RB> Units of measure?
Discussion:
Packet loss can be observed as a reduction of forwarded traffic
from the maximum Throughput. Convergence Packet Loss
includes packets that were lost and packets that were delayed
due to buffering.
RB> How will you count the packets that were delayed? Timestamping each
packet? How much delay will you tolerate before you say that a packet is
lost?
RB> Isn't this metric influence by the rate at which you send packets
into the DUT. If the pause between packets is long enough, you may not
observe any loss between the convergence event and sustained route
convergence.
The maximum Convergence Packet Loss observed
in a Packet Sampling Interval may or may not reach 100% during
Route Convergence (see Figure 1).
Measurement Units:
number of packets
RB> In 3.11 you say that the unit of measure is packets per second.
Which is it?
Issues: None
See Also:
Route Convergence
Convergence Event
Rate-Derived Convergence Time
Loss-Derived Convergence Time
Packet Sampling Interval
Poretsky, Imhoff [Page 5]
INTERNET-DRAFT Benchmarking Terminology for February 2007
IGP Data Plane Route Convergence
3.6 Convergence Event Instant
Definition:
The time instant that a Convergence Event becomes observable in
the data plane.
Discussion:
Convergence Event Instant is observable from the data
plane as the precise time that the device under test begins
to exhibit packet loss.
Measurement Units:
hh:mm:ss:nnn, where 'nnn' is milliseconds
Issues:
None
See Also:
Convergence Event
Convergence Packet Loss
Convergence Recovery Instant
3.7 Convergence Recovery Instant
Definition:
The time instant that Full Convergence is measured
and then maintained for an interval of duration equal to
the Sustained Forwarding Convergence Time
Discussion:
Convergence Recovery Instant is measurable from the data
plane as the precise time that the device under test
achieves Full Convergence.
Measurement Units:
hh:mm:ss:uuu
Issues:
None
See Also:
Sustained Forwarding Convergence Time
Convergence Packet Loss
Convergence Event Instant
Poretsky, Imhoff [Page 6]
INTERNET-DRAFT Benchmarking Terminology for February 2007
IGP Data Plane Route Convergence
3.8 Rate-Derived Convergence Time
Definition:
The amount of time for Convergence Packet Loss to persist upon
occurrence of a Convergence Event until occurrence of Route
Convergence.
Rate-Derived Convergence Time can be measured as the time
difference from the Convergence Event Instant to the
Convergence Recovery Instant, as shown with Equation 1.
Equation 1 -
Rate-Derived Convergence Time =
Convergence Recovery Instant - Convergence Event Instant.
Discussion:
Rate-Derived Convergence Time should be measured at the maximum
Throughput. Failure to achieve Full Convergence results in
a Rate-Derived Convergence Time benchmark of infinity.
Measurement Units:
seconds/milliseconds
Issues:
None
See Also:
Convergence Packet Loss
Convergence Recovery Instant
Convergence Event Instant
Full Convergence
3.9 Convergence Event Transition
Definition:
The characteristic of a router in which Throughput
gradually reduces to zero after a Convergence Event.
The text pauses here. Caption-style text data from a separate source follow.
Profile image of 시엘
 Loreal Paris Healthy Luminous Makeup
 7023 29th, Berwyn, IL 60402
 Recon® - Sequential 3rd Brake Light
RB> Is this a period of time or the characteristic of a router? If it is
a characteristic, why does it have units of measure.
RB> If it is a period of time, doesn't the packet sampling interval and
data rate of the test stream influence it?
Discussion:
The Convergence Event Transition is best observed for
Full Convergence. The Convergence Event Transition may
not be linear.
Measurement Units:
seconds/milliseconds
Issues:
None
See Also:
Convergence Event
Rate-Derived Convergence Time
Convergence Packet Loss
Convergence Recovery Transition
Poretsky, Imhoff [Page 7]
INTERNET-DRAFT Benchmarking Terminology for February 2007
IGP Data Plane Route Convergence
3.10 Convergence Recovery Transition
Definition:
The characteristic of a router in which Throughput
gradually increases to equal the offered load.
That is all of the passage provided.